DIGEST ONLINE: So tell us about the undoubtedly Herculean research process of composing this book.
POLL: (Laughs)

DIGEST ONLINE: Was that an understatement?
POLL: Uh-huh! It was very hard because at the beginning of the show, they really didn't keep good records. Like you would think, "Oh, I can just go to [Procter & Gamble, which owns Another World] or NBC and go through their archives," but no, it doesn't work like that. NBC only has entertainment archives in Burbank for the shows that they own. So I have to tell you, your magazine, Soap Opera Digest, was so generous to me in letting me go through all their materials. We literally Xeroxed all the synopses of the show from the moment the magazine was [first] published, and that was a tremendous help. Before the magazine's [1977] debut, I had to trace things back to the Irna Phillips collection in Minnesota. We finally traced the early years to the Popular Culture Library in Bowling Green, Ohio. I got an intern down there to summarize the scripts for me. And then up at the studio, [Associate Producer] Scott Collishaw took me down to a place called "the dungeon." It was such a dungeon, I felt like I had to apologize to my intern for bringing her down there! They had a lot of stuff down there, and because the studio had been in Brooklyn for the entire duration of the show, they had a lot of scripts starting in the '70s. So we Xeroxed scripts and summaries and anything else we could find, [like] character sketches. But that takes so much time that when you finally have it all together, you have to write so fast! Which I'm used to, because I've been on staff on soap operas, and you learn that you just have to write very fast and trust your instincts. But I would say the research process takes about half the time. Besides gathering the historical materials, there's all the interviews. The actors are really the guardians of their roles; they know them so well, and they gave me so many insights. And also there's a behind-the-scenes section, so we interviewed the whole crew and the producers and directors and went behind the scenes when they did the Lumina ball [left]. Then we have backstage tales, where the actors tell about their audition scenes and favorite love scenes.

DIGEST ONLINE: During the interview process, did you uncover anything juicy or surprising?
POLL: Oh yeah!

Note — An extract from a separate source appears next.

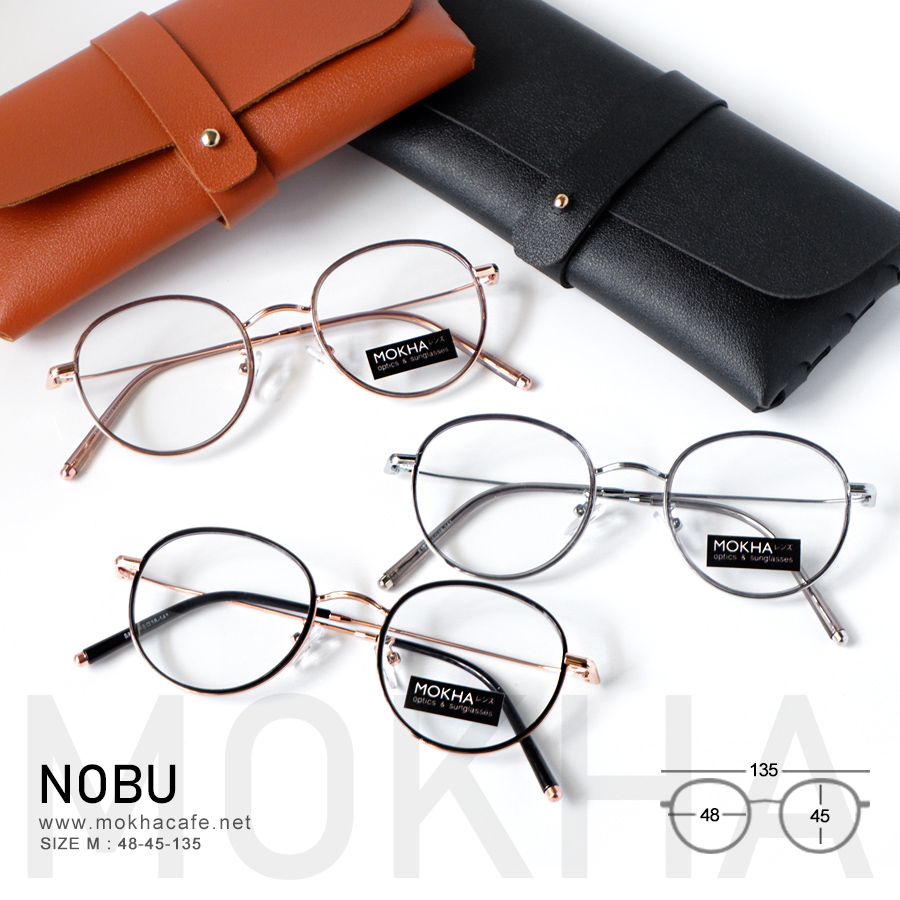 แว่นตา NOBU - brown กรอบแว่นทรงกลม ขาโลหะ น้ำหนักเบา กว้าง 135 มม.(sizeM) H45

There could be a book from behind the scenes, but I don't know if it would be show-approved! (Laughs) But really, there are some very fun things in the book. Judi Evans Luciano [Paulina, below right] has some wonderful stories, and when we did her interview, we really had an audience [gathered to listen]. I asked her what her favorite love scene was and she said, "It was Grant and it was so hot I told my father not to watch! I told him not to watch that porno!" And then one of the stage managers was discussing how, when they do love scenes, he has to arrange the clothing just so, to hide the half-naked actors in case the crew wants to get a peek! We had fun with what went on behind the scenes.

DIGEST ONLINE: How is the book organized?
POLL: The first section is the whole story from day one. And what we did was take the summaries from the dungeon, and Bowling Green, and Soap Opera Digest, and we wrote the story. I like to write it like you would be reading, say, a Danielle Steel novel: really telling the story. So that's the first half of the book, with pictures from archives and stuff from way back that I was able to get my hands on. [Locating the photos] took almost as much time as the print research. And then we get into family albums, with all the main families. And of course, the Corys are the centerpiece, but [we also include] the Matthewses, the Ewings, the Hudsons and the Loves, the Frames.

The whole Frame family actually came from Pete LeMay; he really fashioned them after his own family. It's such an interesting story because originally, Steve Frame didn't have a family; as Agnes Nixon conceived him, he didn't. And Pete LeMay came in and said, "Hmmm, he's kind of an enigma. Let's give him a family, poor farmers from Oklahoma who one by one come and ask him for money." And that was really how the Frame family was introduced into Bay City. The McKinnons are in there, the Carlinos, the Burrells [left].

There's a chapter on awards, on the Emmys and Soap Opera Digest Awards. There's a chapter, which was one of my favorite chapters to write, on Felicia and Cass. Linda [Dano] and Stephen [Schnetzer] were just so much fun to interview, and I had so much fun writing the chapter! We go through her men, his women, their friendship -- which is really quite a beautiful thing. And then we go into the love stories: Rachel/Alice/Steve, of course; Rachel and Mac, Rachel and Carl -- which was a very interesting love story -- Sally and Caitlin, which was very popular -- Thomasina and Carter, Sharlene and John, and then her daughter Josie and Gary, and Michael and Donna, who I just love. They really defined each other. And then Paulina and Jake, who were just tons of fun, and then Vicky and Ryan and ending really with Vicky and Jake [Jensen Buchanan and Tom Eplin, right], which is one of my very, very favorite love stories because it's really like love come full circle.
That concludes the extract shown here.